The development from noun to adjеctive parallels French: marché c1080 = bargained agreement, pact; -> bon marché = good deal -> not costly.
Marchand and marchandise are further 12th C. developments that were adopted into English (the former evidently driving ‘chapman’ into restricted use as surname). The verb marchander, however, on English soil, seems not to have gained lasting favor, losing out to a rival (already established?) French term, bargaignier, and its noun bargaigne, which, fallen together as ‘bargain,’ has had stunning success in English to the present day.
In French, on the other hand, bargaignier, become barguigner and its meaning reduced to a synonym of hesitate, has all but disappeared. Littré labels it 'vieilli' with mention that it occurrs primarily in the set expression sans barguigner, and gives a sentence featuring that expression from La petite Fadette, one of G. Sand’s pastoral novels, where she was particularly concerned to endow her rural characters with authentic, and often archaic, ‘peasant’ speech.)

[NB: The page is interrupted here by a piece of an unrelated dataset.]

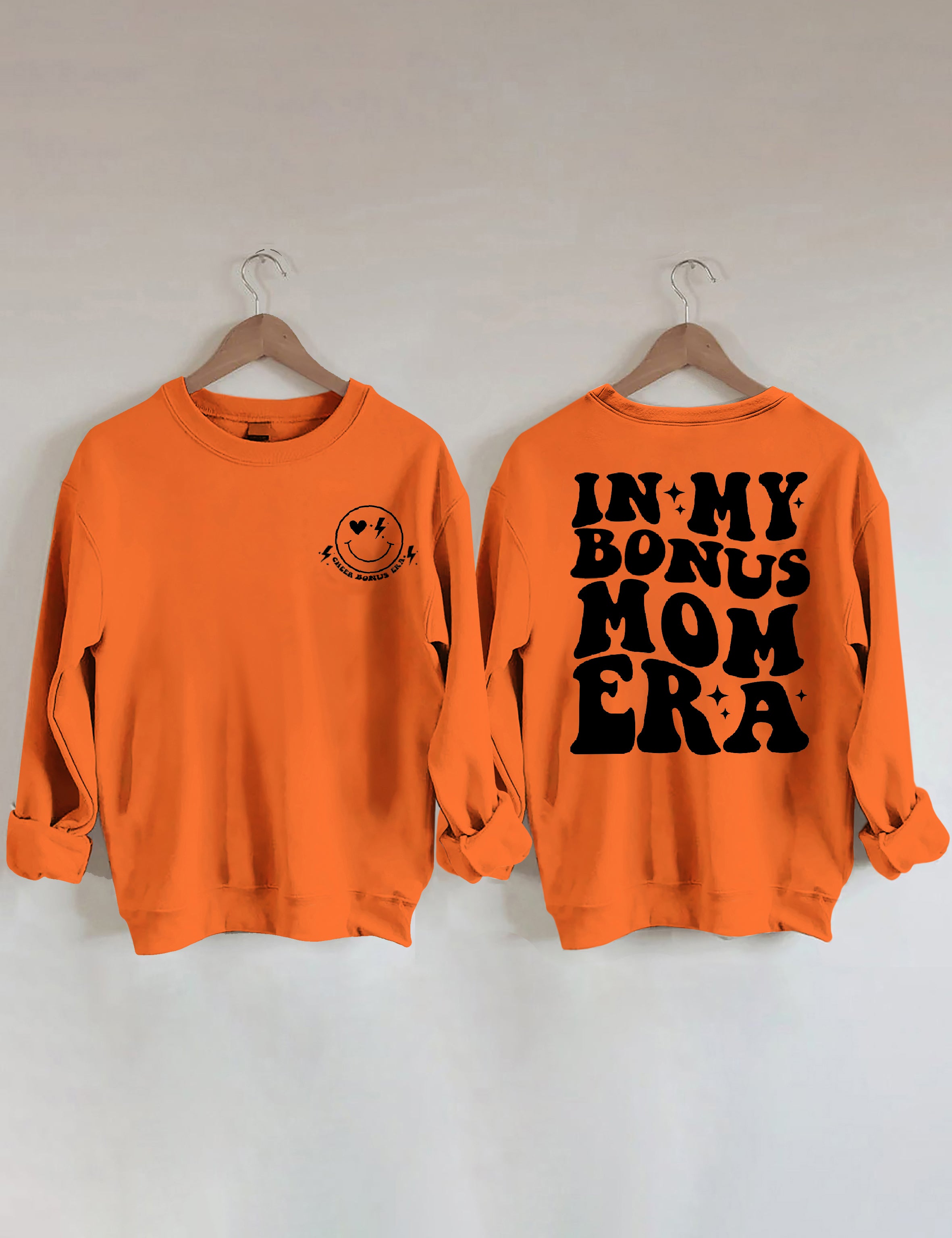 In My Bonus Mom Era Sweatshirt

Meawhile, 20th C. (American?) English has given rise to the bizspeak items ‘markets’ and ‘marketing’—purely English derivations from the same Latin mercatus as marché. And as a business term, ‘marketing’ has now become a widely accepted foreign borrowing in a number of other languages, including Russian and French.

Virtual Linguist

Thank you for that information, Gaylord. Fascinating!